I've heard about Daw Suu Kyi's famous speech "Freedom from Fear" which started with memorable phrase "It's not power that corrupts, but fear. Fear of losing power...". Her intelligence and eloquence appealed to Burmese and brought the National League for Democracy (NLD) a landslide victory in 1990 over the National Unity Party (NUP), which is the military Junta. The Military Junta hastened to put her under house arrest and ever since she has been resisting bullying generals with the power of the powerless, fighting bravely to achieve democracy, protecting human rights through nonviolent means. She should be encouraged with the Rafto Prize and the Sakharov Prize for Freedom of Thought in 1990 and the Nobel Peace Prize in 199l. In l992 she was awarded with the Jawaharal Nehru Award for International Understanding by the government of India and the International Simon Bolivar Prize from the government of Venezuela.

Now she is an icon, a fighter of Burma, and her movie about her was made in Thailand ahead of her father Aun San, which was just released in Japan very recently. The government has finally ceded, inching toward democracy, allowing her to travel and attend parliament.

Upon returning from Europe, she stood for the first time from her NLD seat toward the back of Naypyitaw parliament to call for an end to discrimination against ethnic minorities as part of the "emergence of a genuine democratic country." "Based on the spirit of equality, mutual respect and understanding," she said, "I would like to urge all lawmakers to enact necessary laws or amend laws to protect the rights of ethnic nationalities." Suu Kyi's comments came in support of a motion by a ruling-party lawmaker from the ethnic Shan state to uphold ethnic minority rights. Prior to her European trip, she had traveled Mae Sot, Thailand to visit ethnic Kachin and Karen refugees who fled war at home. I'm glad she highlighted basic ethnic issues, requiring urgent debates.

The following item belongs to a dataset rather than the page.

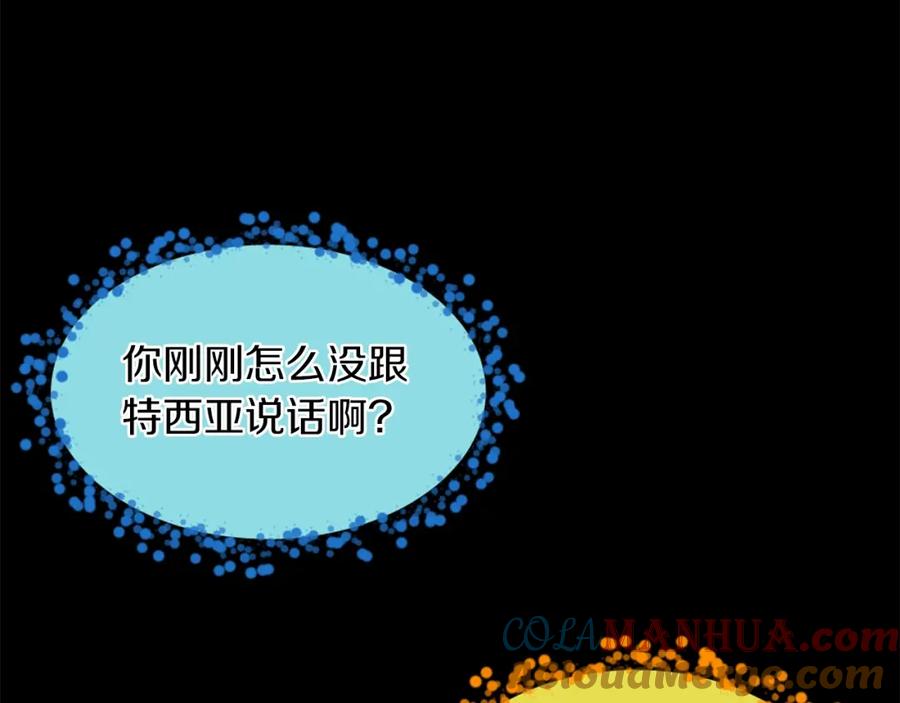 第212页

Daw Suu Kyi has been touching on Buddhism in her speeches including the recent Nobel speech. Her favorite word is "Metta" or compassion and she translates it as "loving kindness". Another one is "Mudita" - sympathetic joy. She seems to be practicing 14th Dalai Lama's teaching "Without love, human society is in a very difficult state: without love, in the future, we will face tremendous problems - Love is the center of human life". Another is "nyien chan" She explains it literally as a beneficial coolness that comes when a fire is extinguished. I was amazed that such short words have a profound connotation. The Australian National University listed the word in its language list of security as coolness - the state of ease.

The paper reported her travel plans for 2013, which includes USA and Japan. She had worked at the United Nations Building in New York and in Japan to study at the University of Kyoto during 1985-86, so she will be happy to reunite with many of her friends, I'm sure.

1 comment:

Paul Dion, STL said...

I read these wonderful thoughts about love and my mind filters them through my personal Christian spirituality. Without love there is no freedom; without love there is no hope for the community. Without love the only hope I have is for myself. That is neither true hope nor true freedom.
Thank you, Rio San for making me appreciate the relationship between my spirituality and that of Suu Kui, and also, I suppose, yours too.